Material to process:
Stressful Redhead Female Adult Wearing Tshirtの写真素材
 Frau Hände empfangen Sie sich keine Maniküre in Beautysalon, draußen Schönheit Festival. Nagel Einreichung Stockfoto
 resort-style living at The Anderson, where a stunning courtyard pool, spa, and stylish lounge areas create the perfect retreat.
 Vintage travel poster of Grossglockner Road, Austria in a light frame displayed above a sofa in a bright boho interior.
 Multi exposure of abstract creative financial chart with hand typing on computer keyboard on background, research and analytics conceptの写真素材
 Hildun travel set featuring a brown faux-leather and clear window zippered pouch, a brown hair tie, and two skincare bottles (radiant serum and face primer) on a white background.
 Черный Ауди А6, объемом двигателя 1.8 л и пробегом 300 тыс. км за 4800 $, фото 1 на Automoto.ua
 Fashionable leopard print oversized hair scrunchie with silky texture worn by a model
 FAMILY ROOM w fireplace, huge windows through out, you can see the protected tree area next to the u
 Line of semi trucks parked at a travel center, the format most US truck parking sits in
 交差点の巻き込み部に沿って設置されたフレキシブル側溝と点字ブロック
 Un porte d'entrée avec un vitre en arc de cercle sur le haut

What is being asked: In the listing above, the lines from the one containing "resort-style living at" through the one containing "Multi exposure of" must be set down exactly, with no other lines.

Reply:
 resort-style living at The Anderson, where a stunning courtyard pool, spa, and stylish lounge areas create the perfect retreat.
 Vintage travel poster of Grossglockner Road, Austria in a light frame displayed above a sofa in a bright boho interior.
 Multi exposure of abstract creative financial chart with hand typing on computer keyboard on background, research and analytics conceptの写真素材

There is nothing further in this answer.